▶ The problem
Retype the lines below exactly, from the one that contains "Mercedes-Benz EQA 250" through the last, and leave every picture out.

------------------------------

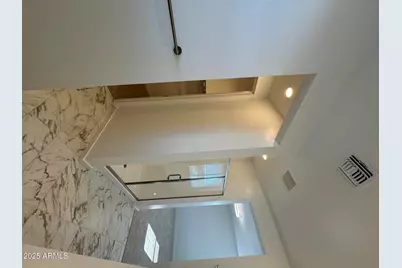 26334 N 24th Glen, Phoenix, AZ 85085 - Photo 1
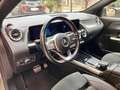Mercedes-Benz EQA 250 Mercedes EQA 250 Premium Grau - thumbnail 13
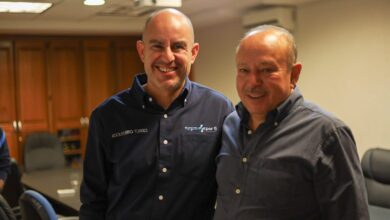 Adolfo Torres y Martínez Pasalagua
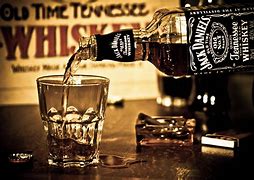 Image result for Jack Daniel's Whiskey Wallpaper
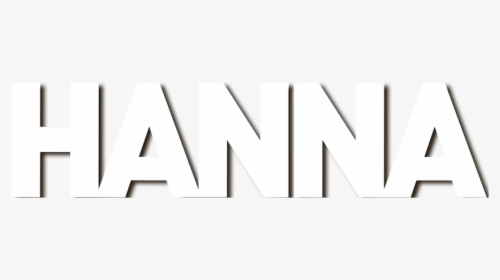 Triangle, HD Png Download, Transparent PNG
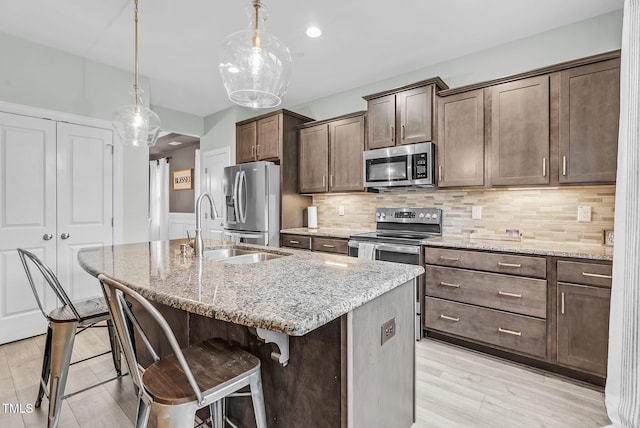 79 Buckhaven Ct, Holly Springs, NC 27540 - photo 16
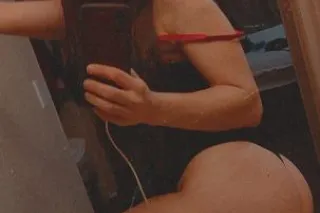 🅨🅞🅤🅡 ❤‍🔥$₽ICY ,ѕєCяєтινє 💋🅢🅐🅣🅤🅡🅓🅐🅨 🅢🅣🅐🅡🅣🅢 🅗🅔🅡🅔😈PREPARE TO BE MESMERIZEDⓂⓨ ⓒⓐⓟⓣⓘⓥⓐⓣⓘⓝⓖ Ⓒⓤⓡⓥⓔⓢ ⓦⓘⓛⓛ Ⓑⓛⓞⓦ ⓨⓞⓤ - Image 6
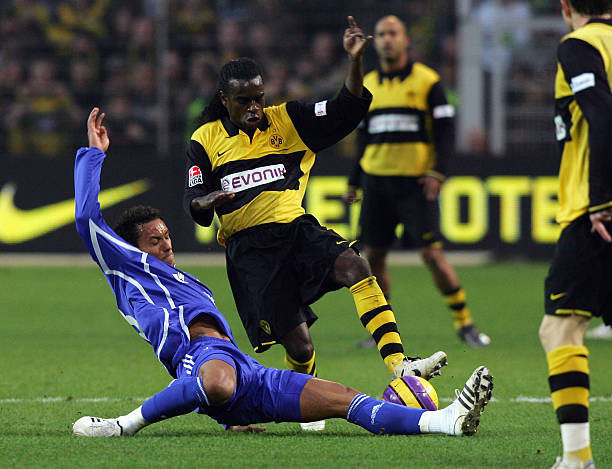 速建立领先 速建立领先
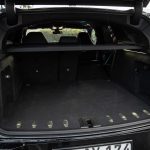 2024 BMW XM Label Red Edition-boot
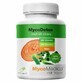 MycoDetox 120 Kapseln MycoMedica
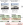 upload_2025-5-10_15-51-19.png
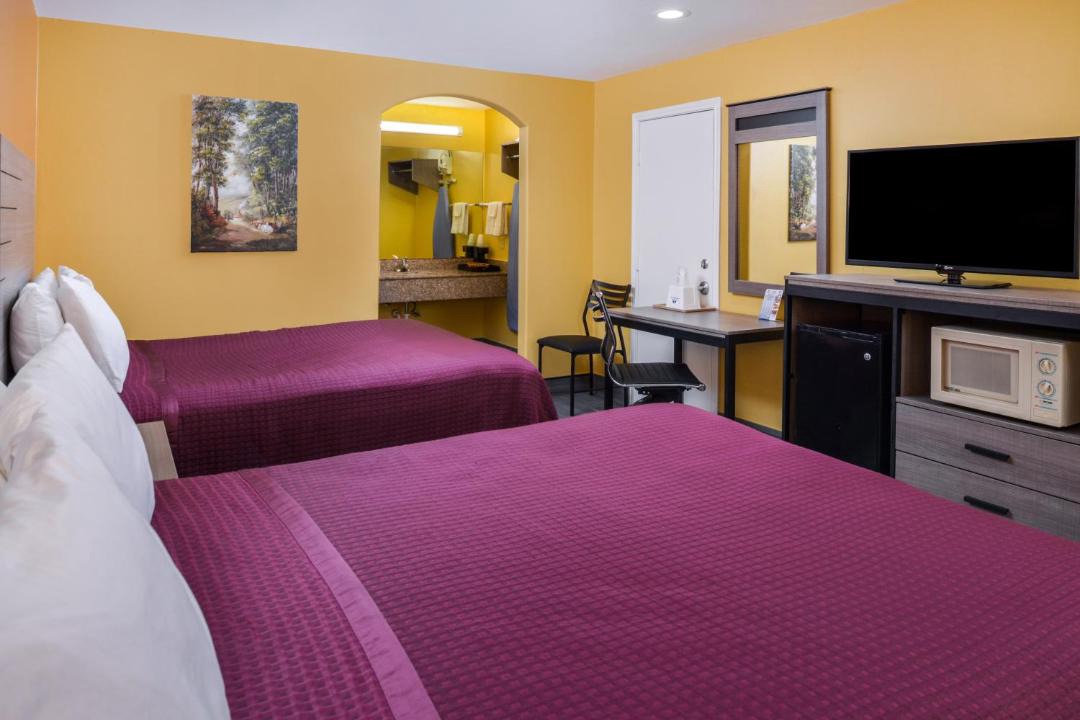 Photo of Others in West Columbia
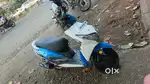 Best condition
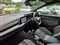 Volkswagen Golf Image 9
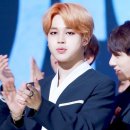 퍼팩트맨 이미지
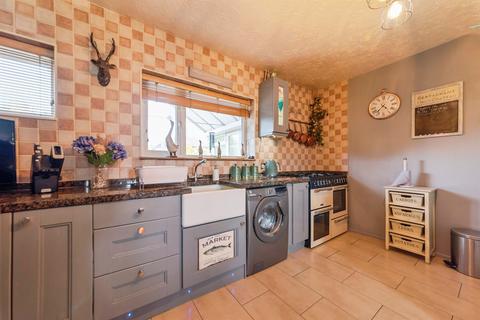 undefined, Princess Drive, GRANTHAM
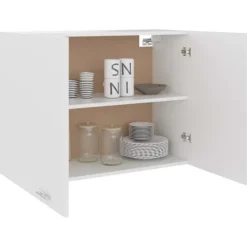 vidaXL Skåp><noscript><img width=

------------------------------

▶ Result for this exercise
Mercedes-Benz EQA 250 Mercedes EQA 250 Premium Grau - thumbnail 13
 Adolfo Torres y Martínez Pasalagua
 Image result for Jack Daniel's Whiskey Wallpaper
 Triangle, HD Png Download, Transparent PNG
 79 Buckhaven Ct, Holly Springs, NC 27540 - photo 16
 🅨🅞🅤🅡 ❤‍🔥$₽ICY ,ѕєCяєтινє 💋🅢🅐🅣🅤🅡🅓🅐🅨 🅢🅣🅐🅡🅣🅢 🅗🅔🅡🅔😈PREPARE TO BE MESMERIZEDⓂⓨ ⓒⓐⓟⓣⓘⓥⓐⓣⓘⓝⓖ Ⓒⓤⓡⓥⓔⓢ ⓦⓘⓛⓛ Ⓑⓛⓞⓦ ⓨⓞⓤ - Image 6
 速建立领先 速建立领先
 2024 BMW XM Label Red Edition-boot
 MycoDetox 120 Kapseln MycoMedica
 upload_2025-5-10_15-51-19.png
 Photo of Others in West Columbia
 Best condition
 Volkswagen Golf Image 9
 퍼팩트맨 이미지
 undefined, Princess Drive, GRANTHAM
 vidaXL Skåp><noscript><img width=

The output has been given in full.